Hubo un tiempo que hoy parece inmemorial en que te arriesgabas a sufrir las iras progresistas si cuestionabas a Woody Allen. Para disfrutar del heredero de Groucho Marx, tenías que vadear la cursilería ambiental. Lo emparentaban con Federico Fellini y otros insoportables. Quienes elevaron al judío neoyorquino al rango de la divinidad son los mismos que ahora fruncen el entrecejo reprobatorio si les comunicas que vas a ver Día de lluvia en Nueva York, y no se ahorran un categórico "nadie debería aplaudir a ese pederasta innombrable".

Incluso los protagonistas de la película, Elle Fanning y Timothée Chalamet, se han negado a promocionarla. Cabe imaginar su existencia irreprochable, que se traduce en la dificultad que acreditan para pronunciar algunas de las disolventes joyas verbales que el autor coloca en sus labios. El problema no radica sin embargo en los adolescentes perpetuos o adulescentes de Día de lluvia. A Allen lo han derribado quienes lo idolatraban. Suele ocurrir con los iconoclastas, furibundos cuando abandonan a sus dioses o a su tabaco. Por fortuna, Día de lluvia en Nueva York demuestra que los moralistas no han logrado cambiar al cineasta que ha basado su carrera en demostrar que el Mal es más divertido, por lo menos hasta que recibe su recompensa.

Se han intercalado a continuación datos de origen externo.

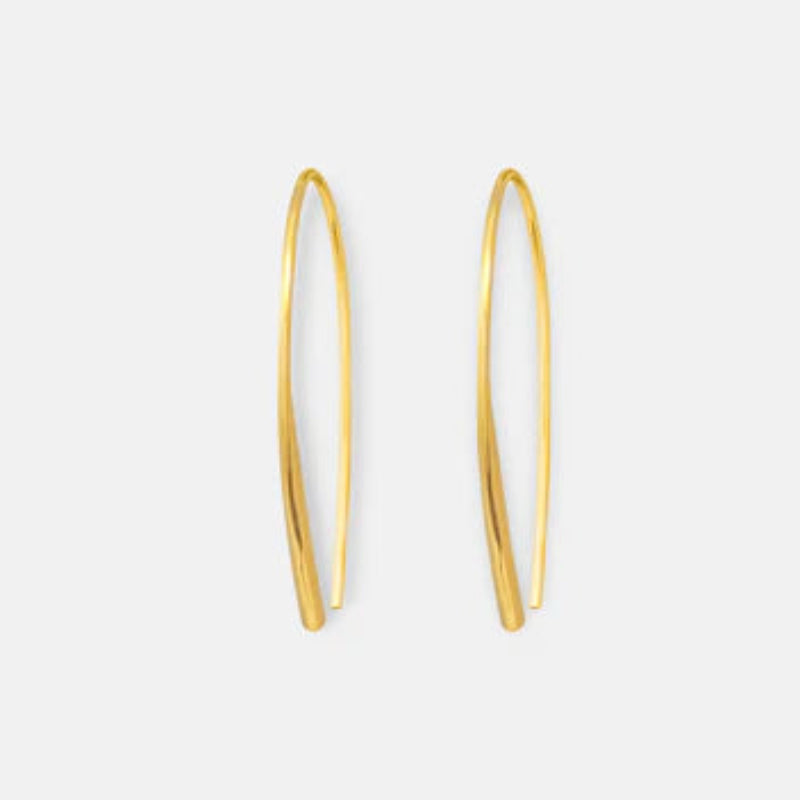1 & 8 Gold Maya Earrings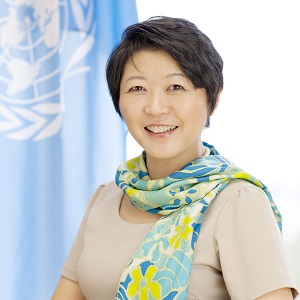 根本かおるさん(国連広報センター所長)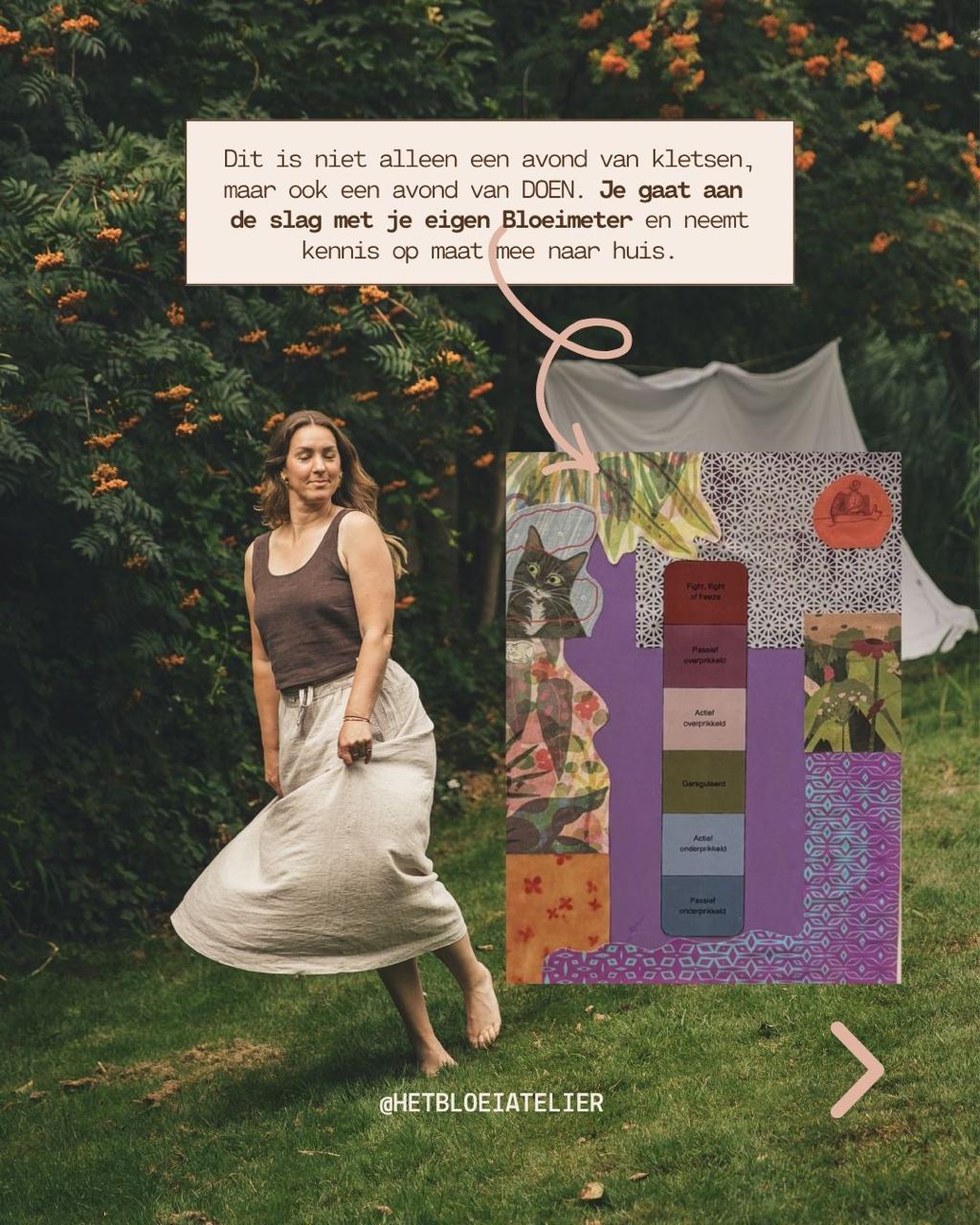 Kennis Avond: De taal van je zenuwstelsel (door Suus van Het Bloei Atelier)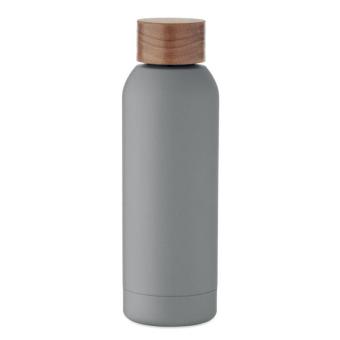 GEISER Einwandige Flasche 700 ml Grau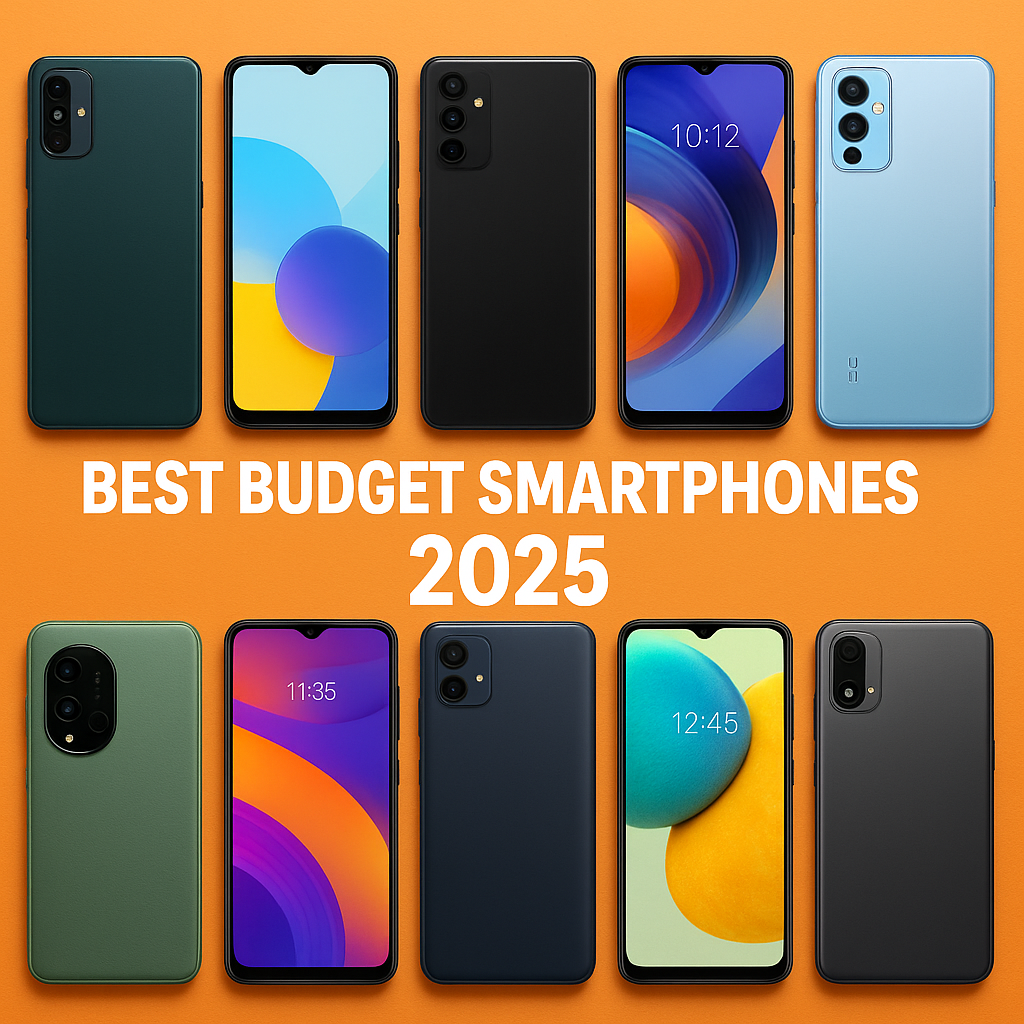 10 Best Budget Smartphones Under $300 in 2025 – Top Affordable Phones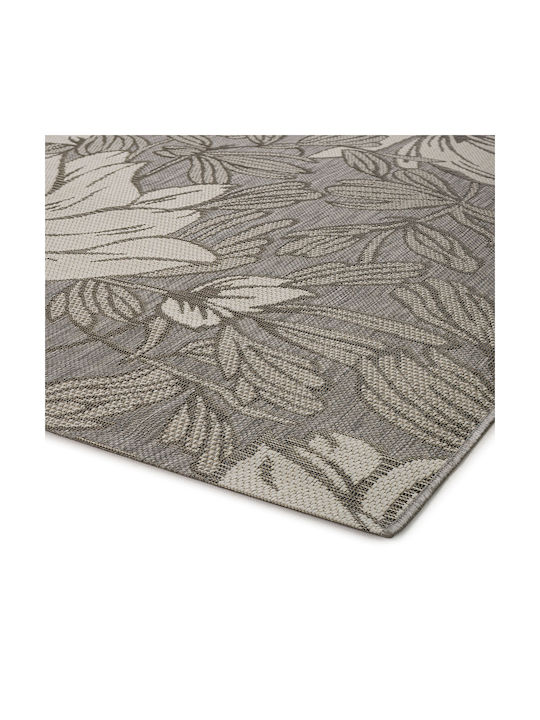 Βιοκαρπέτ Palma Εξωτερικού Χώρου Ψάθινο 160x230cm Γκρι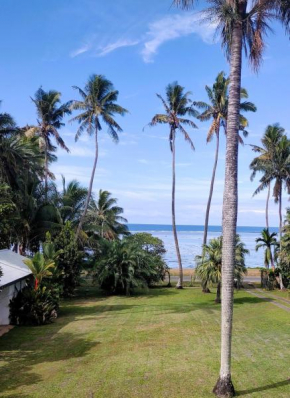 Beach front luxury spacious villa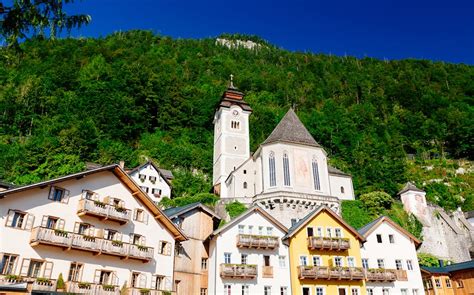 hallstatt day trip  vienna guided  headout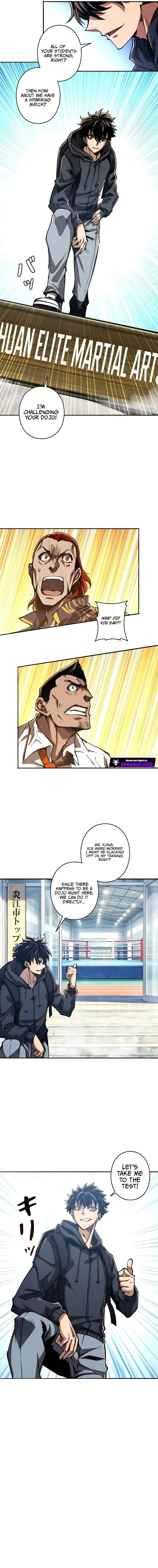 I Gained Power in a Post-Apocalyptic World and Became Unrivaled in the Real World Chapter 21 page 6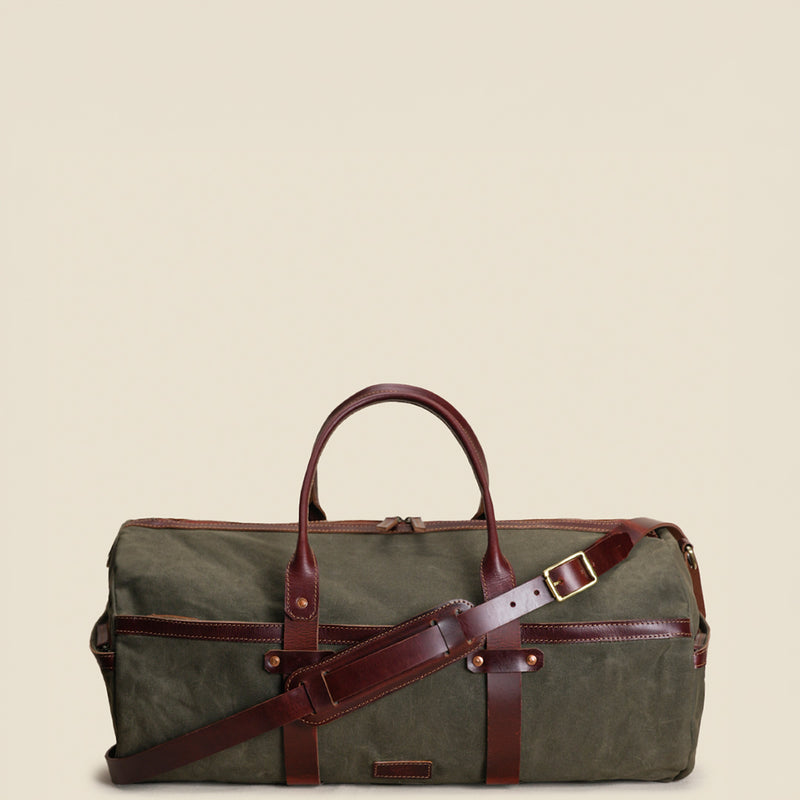 Woodland Duffle ( Forest Green )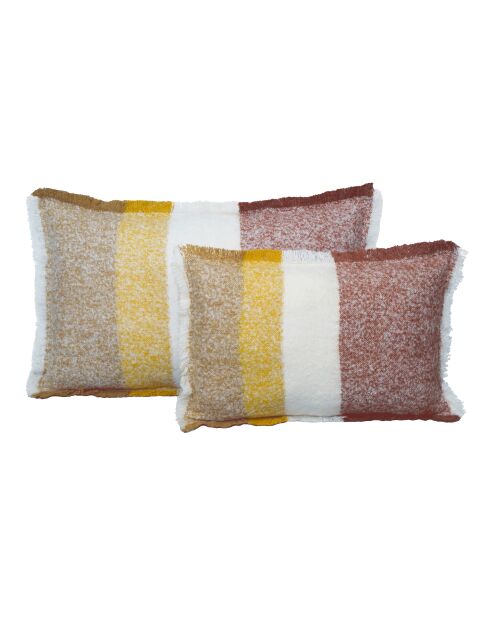 Fodera per cuscino Calypso Tabac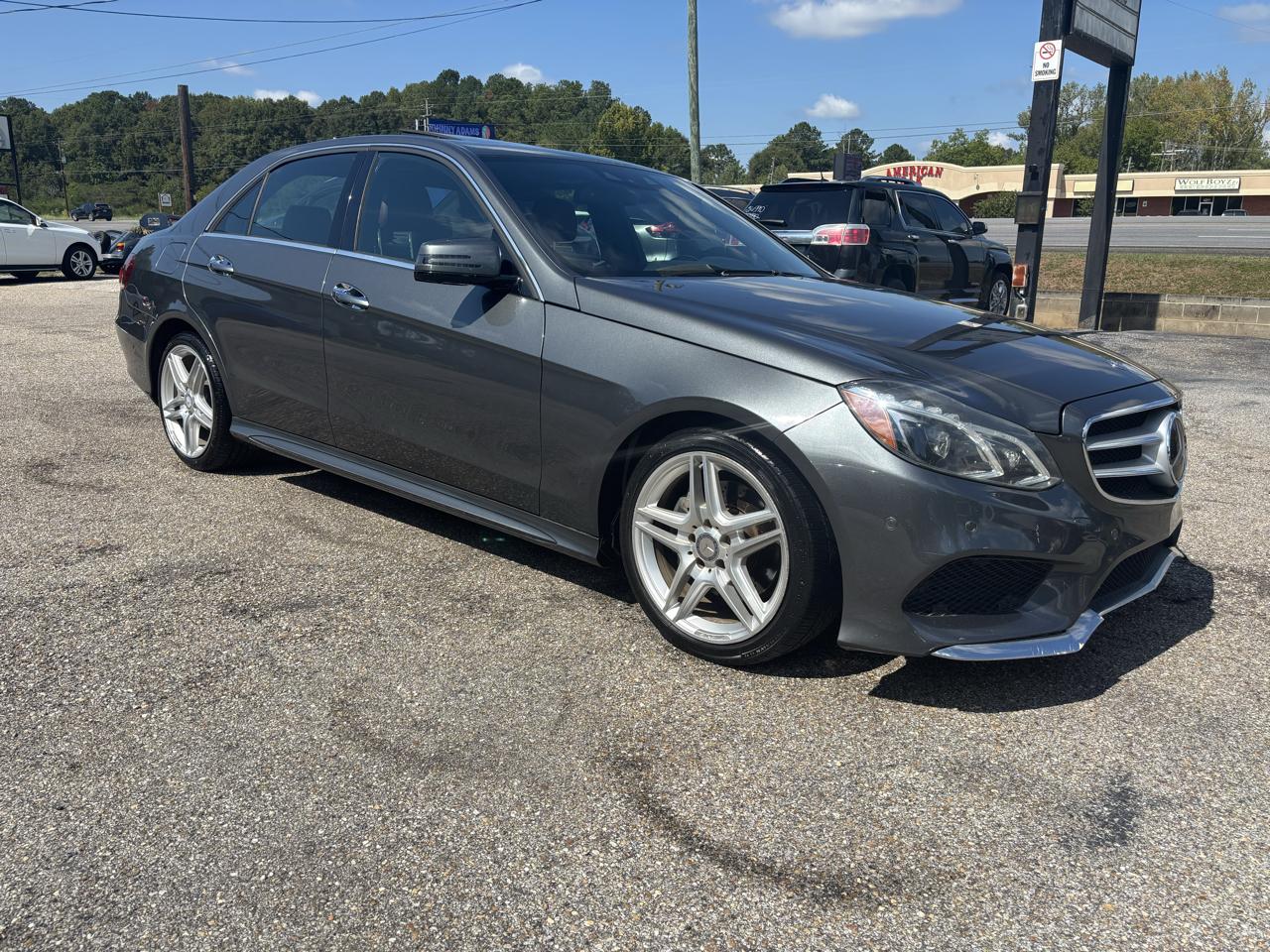 Mercedes-Benz E-Class 4dr Sdn E 350 Sport RWD 2014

El director se mantiene original en sus pecados, no está tan claro que el espectador pueda mantener la imparcialidad contemplativa. El autor es el cineasta del que más gente en todo el mundo ha consumido su producción íntegra. Sin embargo, la rutina de registrarse en taquilla para una hora y media de carcajadas se ha convertido en un gesto de activismo político contracorriente.

El riesgo estriba en sobreactuar. Ya han alcanzado la histeria quienes abominan de Allen, tras cuarenta años quejándose de que han fracasado en sus relaciones porque nunca se les cruzó Diane Keaton. Por desgracia, el exceso se contagia a quienes valoran con generosidad abusiva películas como Día de lluvia en Nueva York, con la sola intención de llevar la contraria a los pazguatos.

Ante la imposibilidad de una visión neutra, ayudarán unas pinceladas. Nadie escribe diálogos como Allen, pese a sus 84 años y a la legión de imitadores. Además, Día de lluvia acredita la hegemonía estética de la ciudad que Joker trastorna en Gotham. El genio del humor ha de superar la dificultad de adaptar sus líneas deslumbrantes a actores de otro siglo, pero Selena Gómez y Liev Schreiber le han entendido a la perfección.